Parish church of Saints Giacomo and Filippo

by Saveria Masa

Church of the Saints Giacomo and Filippo. Façade.

The ancient church of San Giacomo was originally built by the Capitanei family around the 11th century, probably in the wake of the popular pilgrimages from northern regions along St James Way to Compostela. This church was built on a compulsory passage and halt for those passing along the ‘Cavallera’ road of the Muretto pass. Like numerous churches constructed along the ancient access roads to the Alpine passes, it represents one of the numerous pieces of evidence of the local religiousness, which had developed in the Rhaetian valleys during the late Middle Ages. During the Investiture Conflicts, the Capitanei family handed over the church to Rome, although they kept the right of patronage. In fact, it is mentioned for the first time in 1192 by the Liber censum of the Roman Church, to which the church of Valmalenco paid an annual sum of 12 imperial denarii as a sign of dependency.

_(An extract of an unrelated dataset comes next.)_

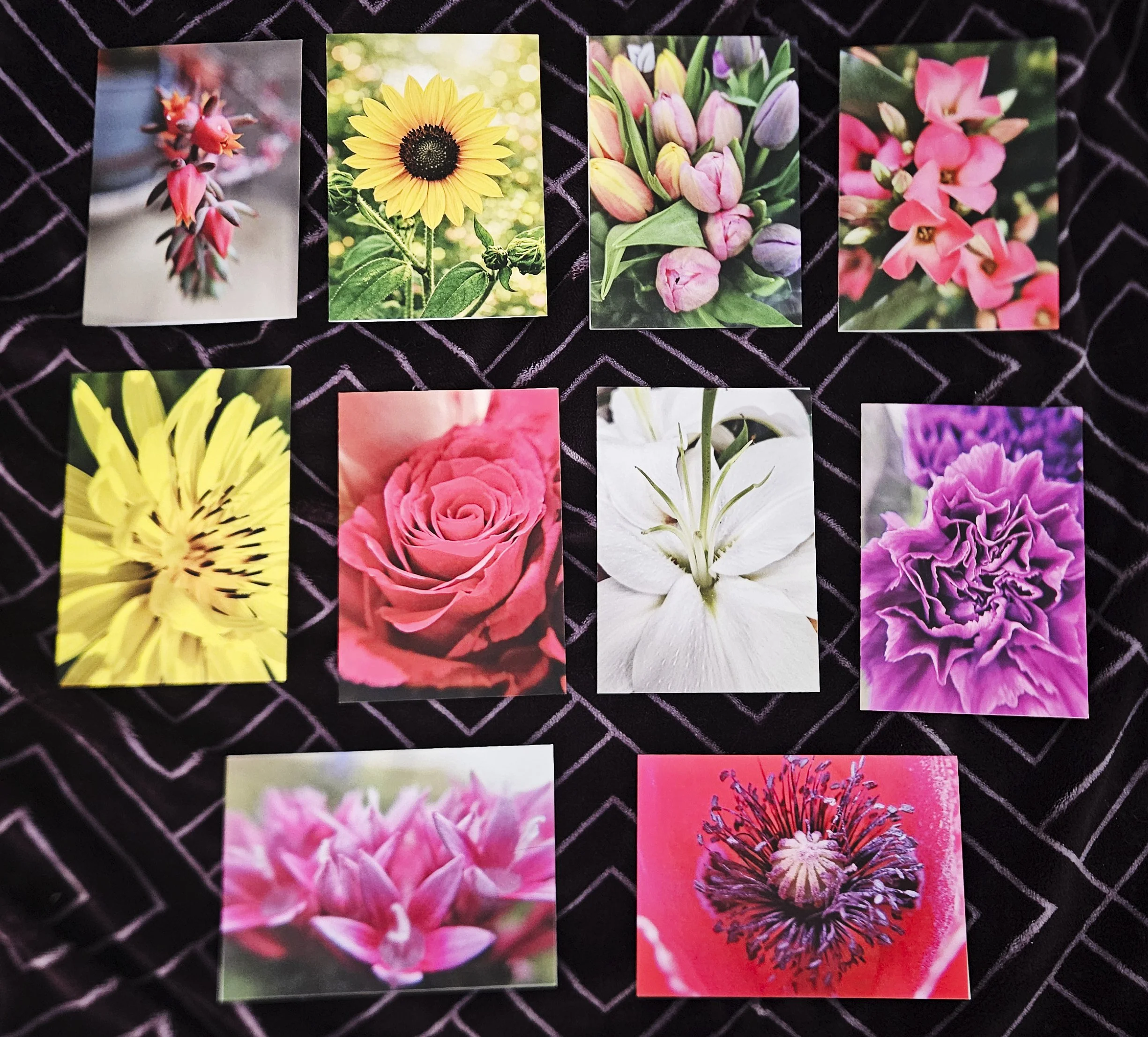 Botanical Greeting Cards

With the right of patronage, the Capitanei family reserved the right to appoint (and, therefore, to employ) a clergyman to work side by side with the curate in the liturgical services. This right was then assigned to the archpriest of Sondrio by the Countess Capitanei in 1359.

Throughout the 14th century, the church took the double name of the church of the Saints Giacomo and Filippo: Ecclesia in loco de Malenco, sub vocabulo S.S. Jacobi et Philippi.

Following the diffusion of the Protestant reform, which had seen the creation in the village of Chiesa of a politically and socially very influential evangelical community. For several years, the church of the Saints Giacomo and Filippo had to be shared with the protestants. With the Diet of Ilanz in 1557, the government of the Three Leagues had actually forced the communities of the Valtellina to give up their place of worship to the protestants for their religion. Where only one church had existed, the Catholics now had to share it with members of the Reformed Church. The use of the churches in Chiesa and Lanzada, the only communities in Valmalenco where the Reform had spread, was regulated by an important pact signed in 1565, which regulated the use of the two religious buildings in turn between the catholic curates and the reformed ministers. The catholics, who were the vast majority of the population, were not happy about having to take turns to use their own church with the protestants, cparticularly as the latter insisted on the churches having no images or furnishings according to the dictates of the reformed belief.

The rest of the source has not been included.